I have been asking myself the same question over and over lately: When did I become so stupid?
According to my teen and pre-teen, I have apparently become the stupidest person in the world. This is evident in the fact that they seem to roll their eyes at everything I say lately.
Although I have been on the earth for forty-plus years, I apparently know nothing and understand nothing. I had an argument with my daughter before school the other day all because I would not allow her to simply roll out of bed and get on the bus. I am critical of everything she does and, of course, "don't understand" anything. All this because I insisted she do something with her hair.
When Sean was on crutches and I had to drive him to and from school, I thought he would die from embarrassment. I was absolutely not allowed to get out of the car to help him under any circumstances and should stay as hidden as possible. I considered renting a white cargo van and wearing dark glasses, a hat and a fake beard simply to spare him the humiliation of the entire middle school realizing that he actually had a mother.

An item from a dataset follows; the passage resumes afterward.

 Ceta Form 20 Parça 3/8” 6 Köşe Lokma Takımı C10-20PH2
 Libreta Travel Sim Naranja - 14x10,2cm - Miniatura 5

What happened to the days when they hung on every word and I was the center of their universe? I suppose it is called "growing up."
It is only natural for teens and pre-teens to begin questioning beliefs and testing limits. I can remember living in constant fear at that age that my own mother would say and do something that I deemed embarrassing in front of my own friends. And "something embarrassing" usually consisted of being in the same room.
I can accept this (although I call them on the eye rolling and mumbling) as long as they understand that there is no compromising on certain prinicples. When my son decided recently that there are too many rules in our household, he informed me that when he is 16 he is doing whatever he wants. I informed him that if he thinks that will happen, he better have a full-time job and his butt better be out of my house.
Rules regarding morality, grades, curfews, substance abuse and going to church will never change as long as my children are living under my roof. Period. As I have told them before: If you don't like it, get you own house.
My kids know the saying ad nauseam: This is not a democracy. This is a dictatorship. Heil, Mamma!